Het Hof zal een deel van de gevangenisstraf voorwaardelijk opleggen, zodat verdachte kan worden gediagnostiseerd en behandeld, zoals geadviseerd door de reclassering en de psycholoog. Het Hof ziet in de persoon van de verdachte aanleiding een proeftijd voor de duur van drie jaren aan het voorwaardelijk deel te verbinden.

BESLISSING

Het Hof:
bevestigt het vonnis van het Gerecht, behoudens ten aanzien van de straf en de motivering daarvan en doet in zoverre opnieuw recht als volgt;
veroordeelt de verdachte tot een gevangenisstraf voor de duur van
38 (achtendertig) maanden;
beveelt dat de tijd die door de verdachte voor de tenuitvoerlegging van deze uitspraak in verzekering en in voorlopige hechtenis is doorgebracht, bij de tenuitvoerlegging van de opgelegde gevangenisstraf in mindering wordt gebracht;
bepaalt dat een gedeelte van deze straf een gedeelte, groot
10 (tien) maanden, niet ten uitvoer zal worden gelegd, tenzij de rechter later anders mocht gelasten omdat de verdachte zich voor het einde van een proeftijd, van
3 (drie) jarenaan een strafbaar feit heeft schuldig gemaakt of gedurende die proeftijd de hierna te melden bijzondere voorwaarden niet heeft nageleefd;
Als bijzondere voorwaarden worden gesteld dat:
- de verdachte zich gedurende de proeftijd zal gedragen naar de voorschriften en aanwijzingen, te geven door of namens de Stichting Justitiele Inrichtingen Bovenwinden, ook als dat inhoudt deelname aan het vaststellen van een diagnose en een eventueel daaruit voortvloeiende ambulante behandeling bij de Mental Health Foundation, zulks zolang deze instelling dat gedurende de proeftijd nodig oordeelt;
- de verdachte zich binnen een week na het ingaan van de proeftijd zal melden bij de Mental Health Foundation, adres: #1 Leopard Road, Cay Hill;
- geeft de reclassering opdracht toezicht te houden op de naleving van de voorwaarden en verdachte ten behoeve daarvan te begeleiden.
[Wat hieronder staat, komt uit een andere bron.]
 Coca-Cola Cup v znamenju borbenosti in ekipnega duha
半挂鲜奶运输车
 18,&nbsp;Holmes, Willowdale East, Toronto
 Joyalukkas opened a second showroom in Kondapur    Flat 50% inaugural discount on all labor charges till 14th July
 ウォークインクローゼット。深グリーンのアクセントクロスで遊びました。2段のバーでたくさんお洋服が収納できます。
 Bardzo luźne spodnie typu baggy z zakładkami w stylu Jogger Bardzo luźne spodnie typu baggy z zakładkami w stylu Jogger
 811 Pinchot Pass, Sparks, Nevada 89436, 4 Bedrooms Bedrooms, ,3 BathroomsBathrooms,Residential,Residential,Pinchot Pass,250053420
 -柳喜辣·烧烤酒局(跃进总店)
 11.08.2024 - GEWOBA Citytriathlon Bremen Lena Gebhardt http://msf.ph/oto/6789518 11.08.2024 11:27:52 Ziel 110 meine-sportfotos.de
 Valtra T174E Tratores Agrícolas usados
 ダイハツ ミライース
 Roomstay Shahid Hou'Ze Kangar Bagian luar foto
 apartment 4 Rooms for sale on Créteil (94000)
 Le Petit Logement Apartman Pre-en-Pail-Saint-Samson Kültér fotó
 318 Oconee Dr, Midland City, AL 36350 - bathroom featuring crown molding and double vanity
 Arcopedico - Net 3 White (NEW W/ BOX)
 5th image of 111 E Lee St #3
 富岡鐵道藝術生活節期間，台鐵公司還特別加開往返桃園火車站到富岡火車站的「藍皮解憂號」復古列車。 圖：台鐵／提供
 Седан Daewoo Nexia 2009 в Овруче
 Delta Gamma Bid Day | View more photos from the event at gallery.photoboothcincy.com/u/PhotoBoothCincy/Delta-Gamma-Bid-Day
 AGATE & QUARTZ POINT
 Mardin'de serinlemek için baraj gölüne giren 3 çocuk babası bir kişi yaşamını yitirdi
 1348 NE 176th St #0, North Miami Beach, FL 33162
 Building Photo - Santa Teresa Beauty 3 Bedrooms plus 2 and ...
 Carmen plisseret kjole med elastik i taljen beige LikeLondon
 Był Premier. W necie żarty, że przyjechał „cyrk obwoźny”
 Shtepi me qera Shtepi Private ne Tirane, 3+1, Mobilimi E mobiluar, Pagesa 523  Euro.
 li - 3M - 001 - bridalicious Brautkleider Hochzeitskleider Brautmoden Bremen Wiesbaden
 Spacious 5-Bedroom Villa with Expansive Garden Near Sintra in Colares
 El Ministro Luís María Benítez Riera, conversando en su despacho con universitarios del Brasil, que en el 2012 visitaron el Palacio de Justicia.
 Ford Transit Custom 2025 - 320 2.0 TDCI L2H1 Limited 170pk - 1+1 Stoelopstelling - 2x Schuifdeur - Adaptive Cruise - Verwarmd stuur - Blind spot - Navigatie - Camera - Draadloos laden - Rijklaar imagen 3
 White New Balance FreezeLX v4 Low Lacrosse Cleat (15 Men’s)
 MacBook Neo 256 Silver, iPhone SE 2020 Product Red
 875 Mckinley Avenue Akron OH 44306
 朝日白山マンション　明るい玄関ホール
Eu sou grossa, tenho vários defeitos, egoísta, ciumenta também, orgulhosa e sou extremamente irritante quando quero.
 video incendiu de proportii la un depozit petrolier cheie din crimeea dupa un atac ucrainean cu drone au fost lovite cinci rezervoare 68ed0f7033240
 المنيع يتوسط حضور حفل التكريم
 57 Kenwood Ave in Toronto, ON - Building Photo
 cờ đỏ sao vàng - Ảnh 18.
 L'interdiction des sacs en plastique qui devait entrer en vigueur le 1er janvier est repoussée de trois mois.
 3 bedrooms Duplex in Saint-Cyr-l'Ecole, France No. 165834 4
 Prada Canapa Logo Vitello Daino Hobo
Dit vonnis is gewezen door mrs. S.A. Carmelia, M.C.B. Hubben en A.J.M. van Gink, leden van het Hof, bijgestaan door mr. M. Witteman, (zittings)griffier, en op 3 december 2020 uitgesproken in tegenwoordigheid van de griffier ter openbare terechtzitting van het Hof in Sint Maarten.
De uitspraakgriffier is buiten staat dit vonnis mede te ondertekenen.